• _Problem statement_
Reproduce, exactly and only, the lines of the data that follows from the one containing "a close up of a piece of cloth with a fringe" down to the one containing "Adorable young woman", without pictures.

• _Extracted information_

================================

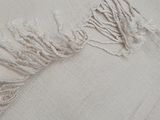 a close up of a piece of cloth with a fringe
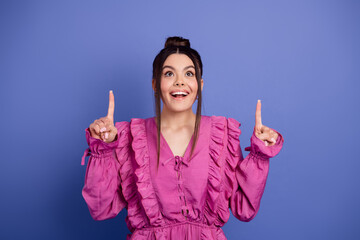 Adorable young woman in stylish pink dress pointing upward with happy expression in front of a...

================================

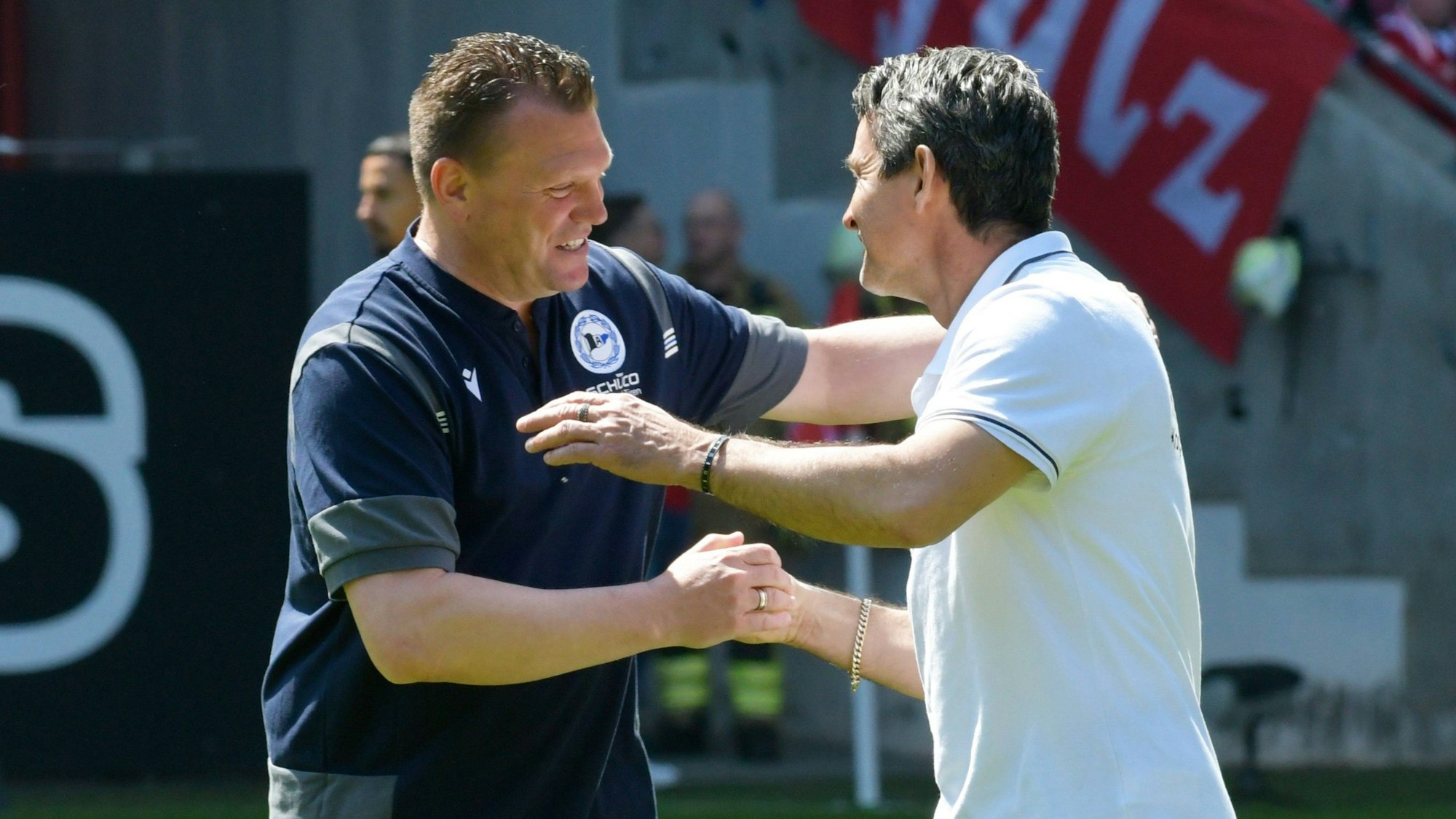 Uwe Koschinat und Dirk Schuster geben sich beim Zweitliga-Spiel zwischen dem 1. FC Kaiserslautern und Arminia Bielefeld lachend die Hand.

================================

• _Result for this task_
 a close up of a piece of cloth with a fringe
 Adorable young woman in stylish pink dress pointing upward with happy expression in front of a...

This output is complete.